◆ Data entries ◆
◇ ◇ ◇ ◇ ◇ ◇ ◇

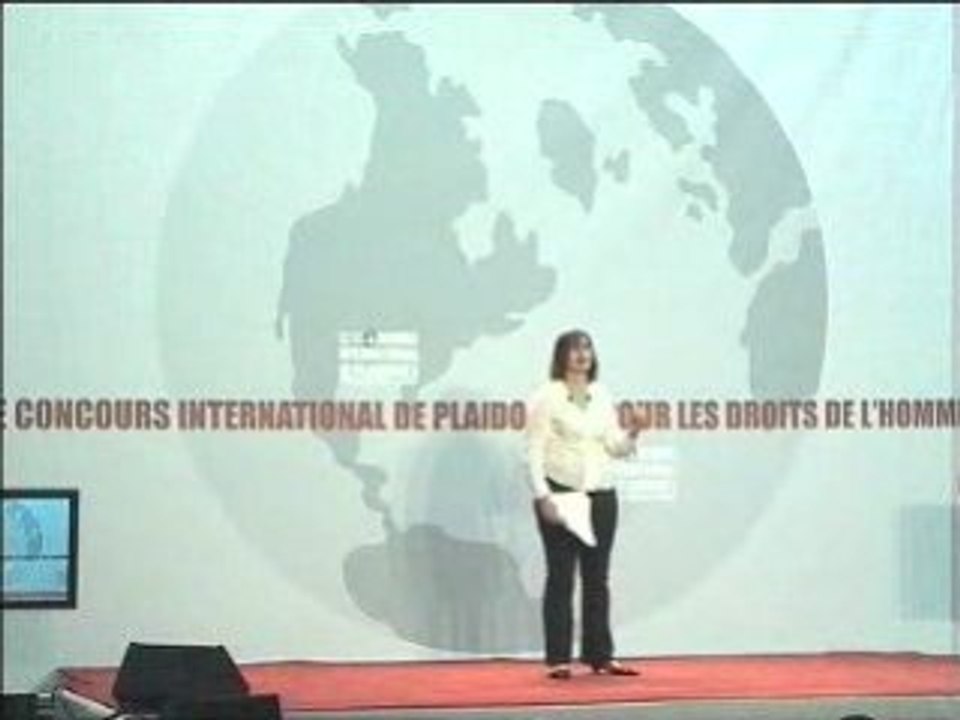 Les filles de l'Est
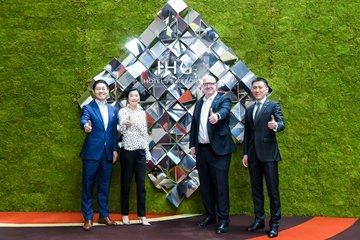 IHG continues to lead booming business travel market in greater china with diversified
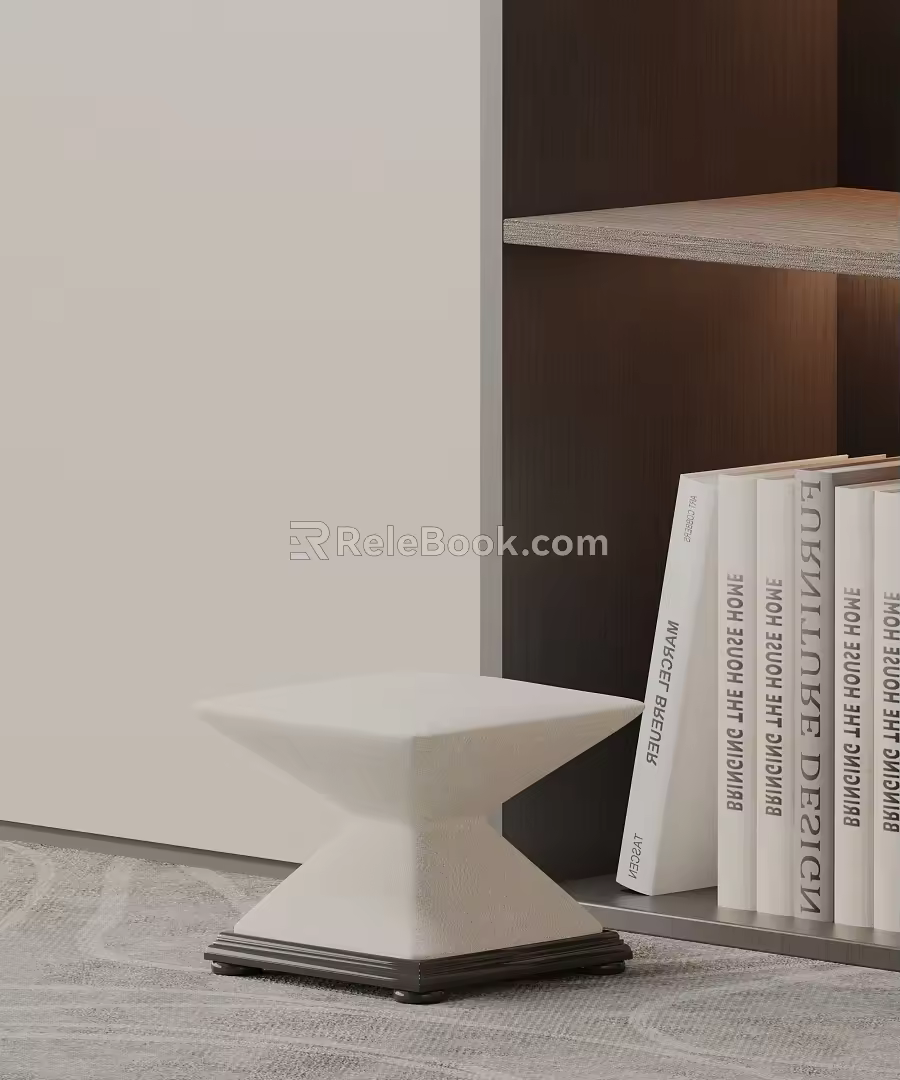Side 3d model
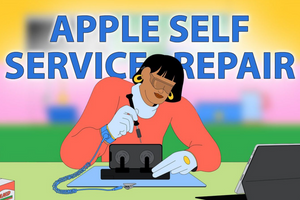 Apple розширює підтримку діагностики Self Service Repair на більшість країн Європи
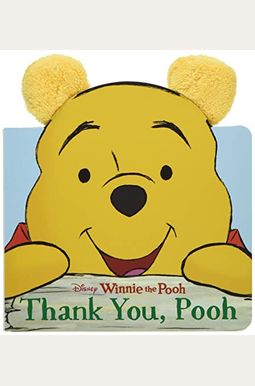 Buy Thank You, Pooh Book By: Disney Books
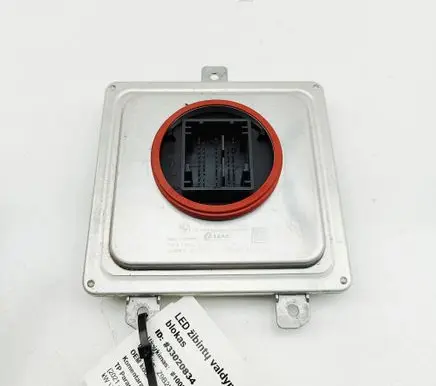 BMW iX LED ballast control module 5A410C6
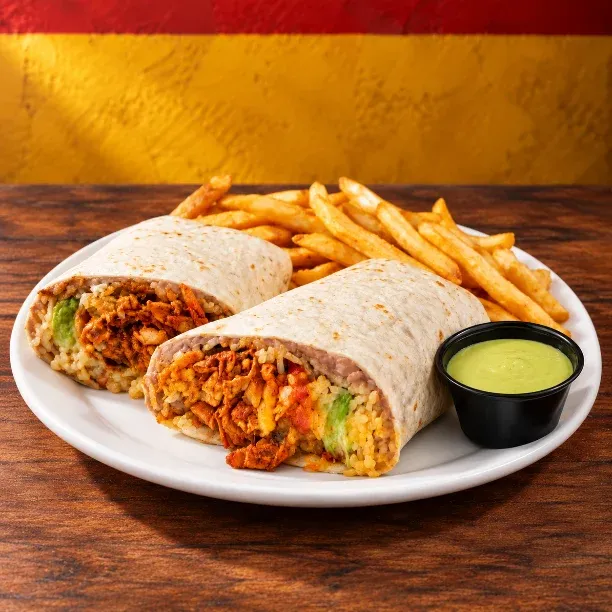 Best Mexican,Tacos flavors in Minneapolis - Available via El Pollo De Los Santos - E Lake St online ordering.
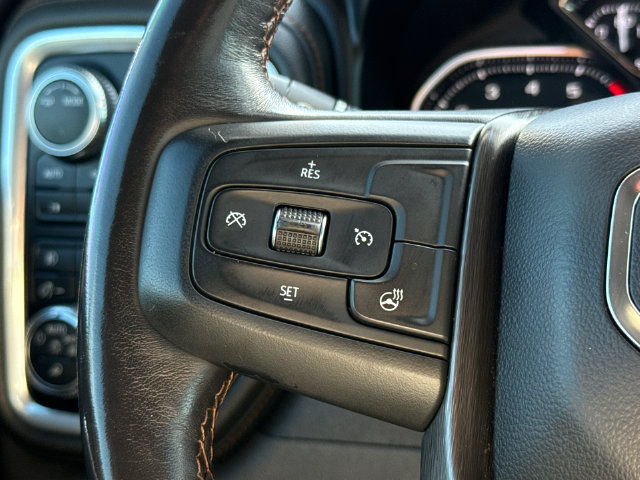Used 2021 GMC Sierra 1500 AT4 AWD/4WD image 28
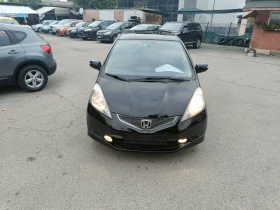     Honda Jazz 1.4BARTER100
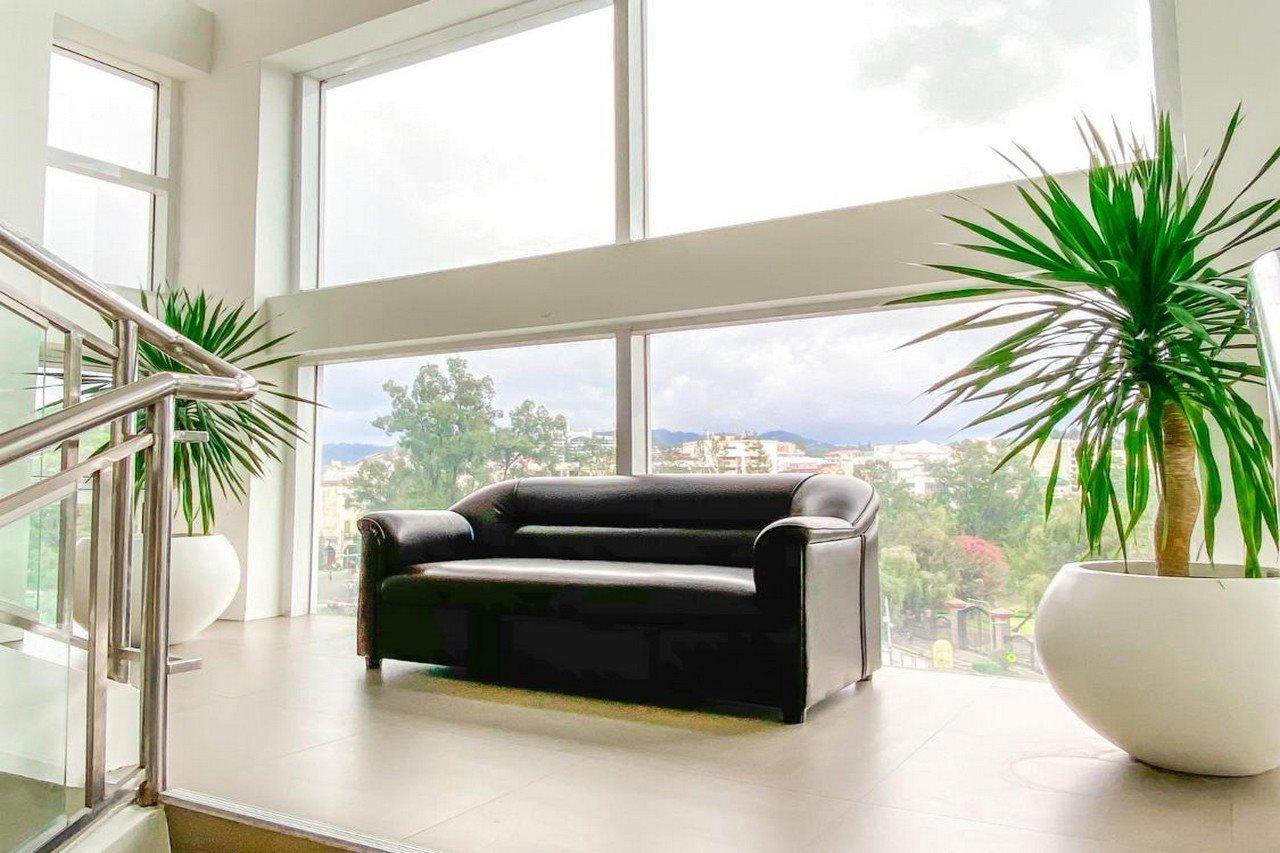 Metro Pines Inn Baguio City Dış mekan fotoğraf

◇ ◇ ◇ ◇ ◇ ◇ ◇

Give back all the records as they stand, but with no pictures in the copy.

 Les filles de l'Est
 IHG continues to lead booming business travel market in greater china with diversified
Side 3d model
 Apple розширює підтримку діагностики Self Service Repair на більшість країн Європи
 Buy Thank You, Pooh Book By: Disney Books
 BMW iX LED ballast control module 5A410C6
 Best Mexican,Tacos flavors in Minneapolis - Available via El Pollo De Los Santos - E Lake St online ordering.
Used 2021 GMC Sierra 1500 AT4 AWD/4WD image 28
     Honda Jazz 1.4BARTER100
 Metro Pines Inn Baguio City Dış mekan fotoğraf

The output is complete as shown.